But here's the thing - most SQL interview prep guides are stuck in 2018. They'll drill you on obscure syntax nobody uses, while skipping the window functions and CTEs that interviewers actually love to ask about.

This guide is different. These are the questions that actually show up in interviews at companies ranging from startups to FAANG. I've organized them into tiers so you can focus on what matters for your target role.

We'll use a consistent schema throughout, so you can follow along:

-- Our sample schema
CREATE TABLE departments (
    department_id INT PRIMARY KEY,
    department_name VARCHAR(100),
    budget DECIMAL(12, 2)
);

CREATE TABLE employees (
    employee_id INT PRIMARY KEY,
    first_name VARCHAR(50),
    last_name VARCHAR(50),
    email VARCHAR(100),
    department_id INT REFERENCES departments(department_id),
    manager_id INT REFERENCES employees(employee_id),
    salary DECIMAL(10, 2),
    hire_date DATE
);

CREATE TABLE products (
    product_id INT PRIMARY KEY,
    product_name VARCHAR(100),
    category VARCHAR(50),
    price DECIMAL(10, 2)
);

CREATE TABLE orders (
    order_id INT PRIMARY KEY,
    employee_id INT REFERENCES employees(employee_id),
    product_id INT REFERENCES products(product_id),
    quantity INT,
    order_date DATE,
    total_amount DECIMAL(10, 2)
);

Let's get into it.

Tier 1: The Fundamentals (Everyone Gets These)

Every SQL interview starts here. If you stumble on these, it's a red flag - no matter what role you're interviewing for. The good news is they're straightforward once you've practiced them a few times.
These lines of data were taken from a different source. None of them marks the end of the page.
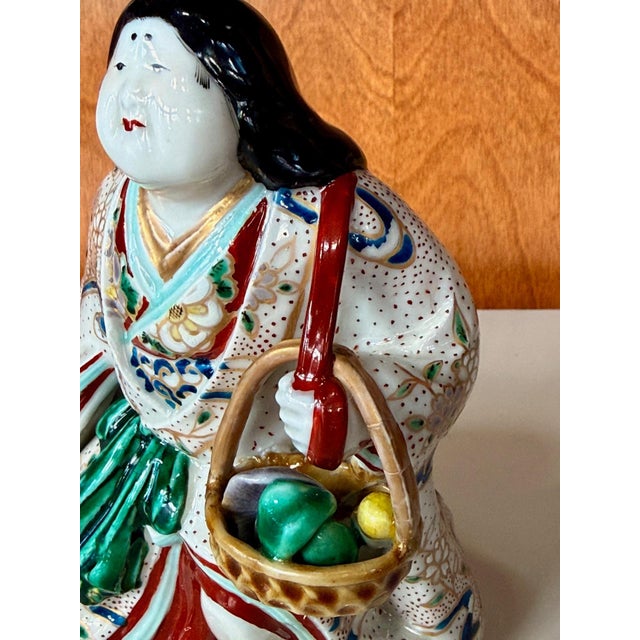 Japanese Imari Porcelain Okimono Otafuku Erotic Aspect Meiji Period For Sale - Image 18 of 18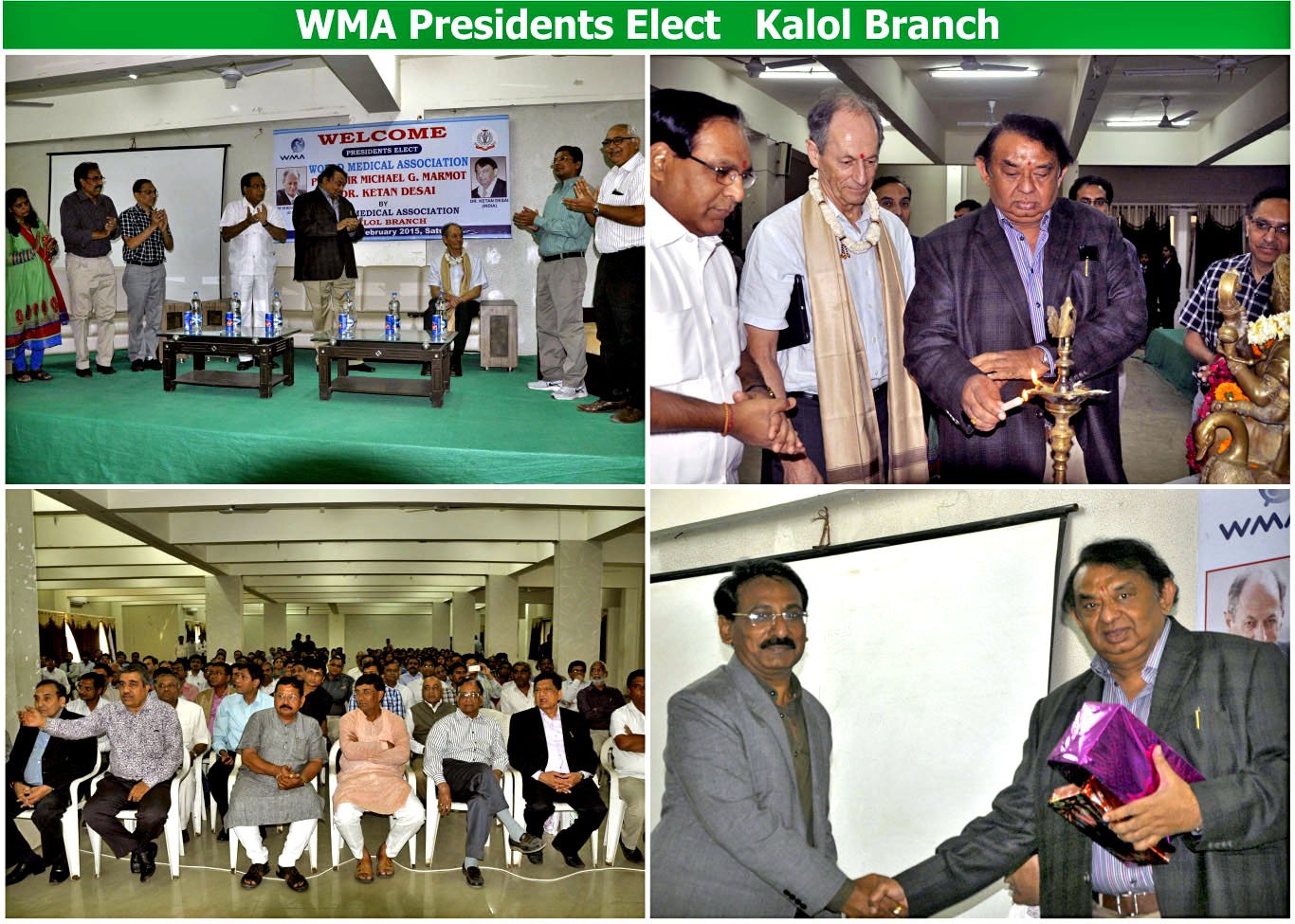 World Medical Association President meet panel discussing rural health.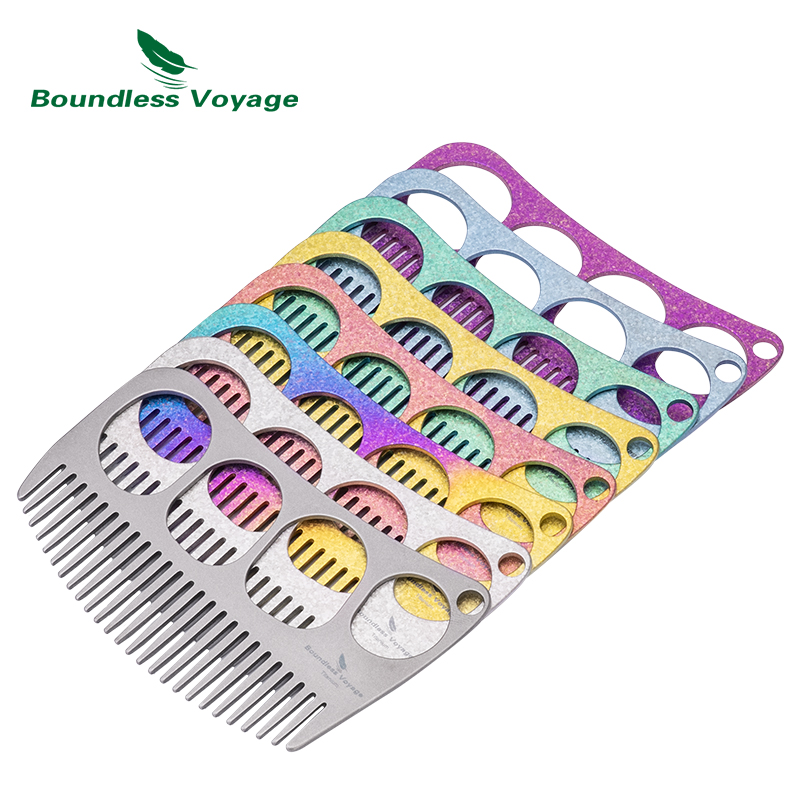 Титановая расческа Boundless V – обзор и цена Comb Pocket Titanium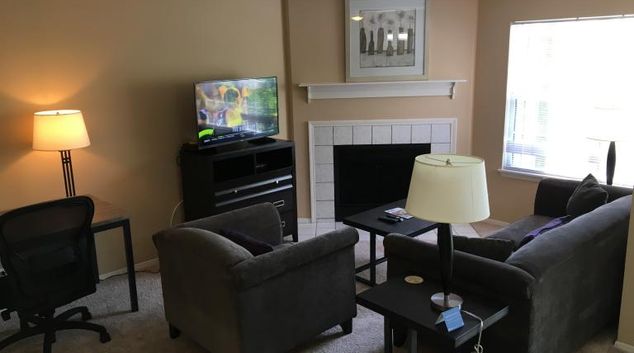 Living Room at Park Meadows Apartment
SELECT, WHERE, GROUP BY, HAVING, ORDER BY

These are the building blocks. You need to know the order of execution (which is different from the order you write them):

FROM - pick the table
WHERE - filter rows
GROUP BY - group remaining rows
HAVING - filter groups
SELECT - pick columns
ORDER BY - sort results

This matters because it explains why you can't use a column alias in WHERE but you can in ORDER BY. Interviewers love testing whether you understand this.

JOINs

You need to know four types cold:

INNER JOIN - only matching rows from both tables
LEFT JOIN - all rows from the left table, matching rows from the right (NULLs where no match)
RIGHT JOIN - opposite of LEFT JOIN (rarely used in practice - just flip your tables)
FULL OUTER JOIN - all rows from both tables, NULLs where no match on either side

The key insight: LEFT JOIN is the workhorse. You'll use it probably 80% of the time in real work.

Aggregations

COUNT, SUM, AVG, MIN, MAX - know them all. The tricky part is understanding COUNT(*) vs COUNT(column) vs COUNT(DISTINCT column):

COUNT(*) counts all rows, including NULLs
COUNT(column) counts non-NULL values in that column
COUNT(DISTINCT column) counts unique non-NULL values

NULL Handling

NULLs trip up a lot of candidates. Remember:

NULL = NULL is not TRUE - it's NULL (which is falsy)
Use IS NULL / IS NOT NULL for comparisons
COALESCE(a, b, c) returns the first non-NULL value
NULLIF(a, b) returns NULL if a equals b (great for avoiding division by zero)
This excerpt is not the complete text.